**EXERCISE GOAL:** Please transcribe the data below exactly. Leave the pictures out.

**DATA EXTRACT:**
☆ ☆ ☆ ☆ ☆ ☆ ☆

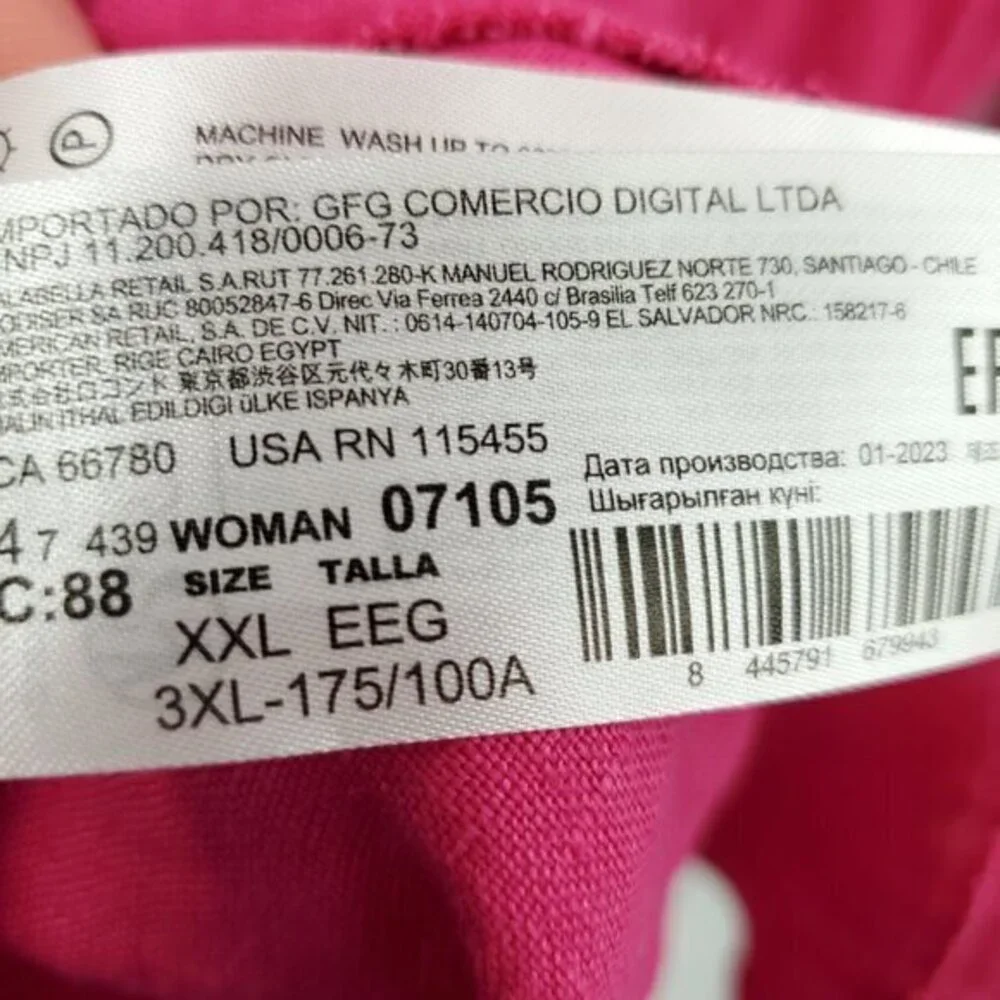 Mango 100% Linen Fuchsia/Barbie Pink Collared Wrap Dress 12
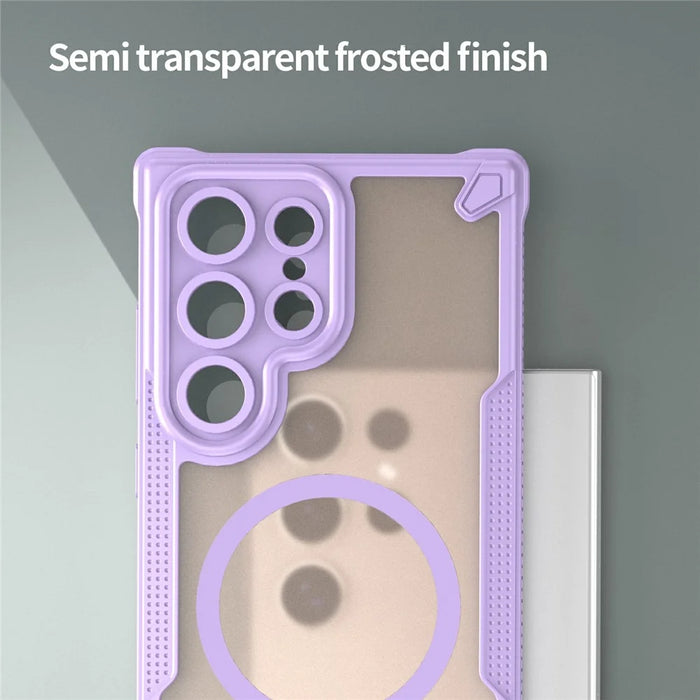For Samsung Galaxy S24 Ultra Magnetic Case TPU + PC Phone Back Cover - Purple - 4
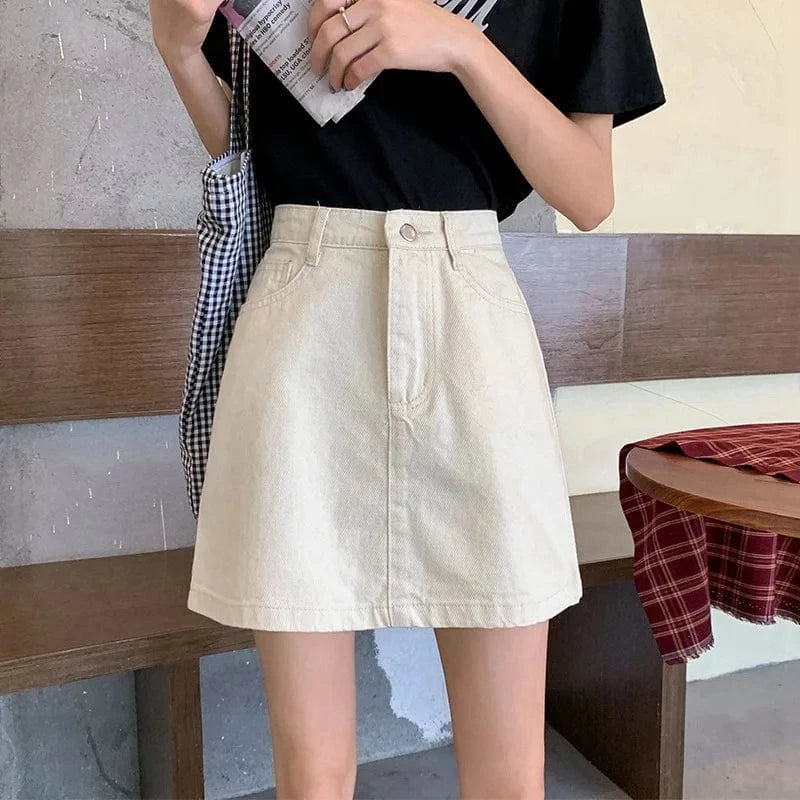 L / White Fashion women zipper denim mini skirt summer high waist A-line female blue jeans casual Korean high quality mujer jeans skirt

☆ ☆ ☆ ☆ ☆ ☆ ☆

**REPLY:**
 Mango 100% Linen Fuchsia/Barbie Pink Collared Wrap Dress 12
For Samsung Galaxy S24 Ultra Magnetic Case TPU + PC Phone Back Cover - Purple - 4
 L / White Fashion women zipper denim mini skirt summer high waist A-line female blue jeans casual Korean high quality mujer jeans skirt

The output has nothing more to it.